There are people so afraid of today’s date that they refuse to leave their beds all day, which will certainly prove unlucky should the house catch fire. There are others – triskeidecaphobics, if you want the fancy word – who have a morbid fear of the number thirteen itself. It makes no sense, but phobias seldom do. There are as many phobias as there are people to be afraid. Most phobias have names – “chrematophobia”, for instance, is the unreasonable fear of money. So is “working for a newspaper”.

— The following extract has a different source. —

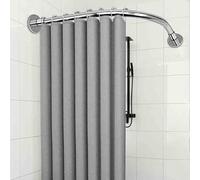 Barra Cortina Ducha Esquina Sin Taladro, Barra De Cortina De Ducha En Forma De L, Barra Cortina Curva Bañera Extensible Acero Inoxidable 304, Para Baño, Cocina, V(Size:A 70-95m x 70-95cm,Color:Plata)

But there are many other phobias, far more reasonable in these troubled modern times, that do not have names. There should be a word, for instance, for:
• the nagging fear that you have just sent a saucy SMS to the wrong number;
• the whispering fear that everyone else is at a party to which you were not invited;
• the gnawing fear that mullets really are coming back in fashion;
• the choking fear that at any moment old friends from out of town might ask if they can come and stay with you for a couple of days;
• the lingering fear that you may already have met Mr or Ms Right, but you were too busy thinking about lunch to recognise them at the time;
• the lonely fear that you are the only man in the whole world who doesn’t see what the big deal is about Anna Kournikova;
• the slow fear that maybe, one day, despite your best efforts and your deepest convictions, you really will die after all, just like everyone else.
No sir, it is not true that we have nothing to fear but fear itself. To those with eyes to see, there are plenty of other things to worry about.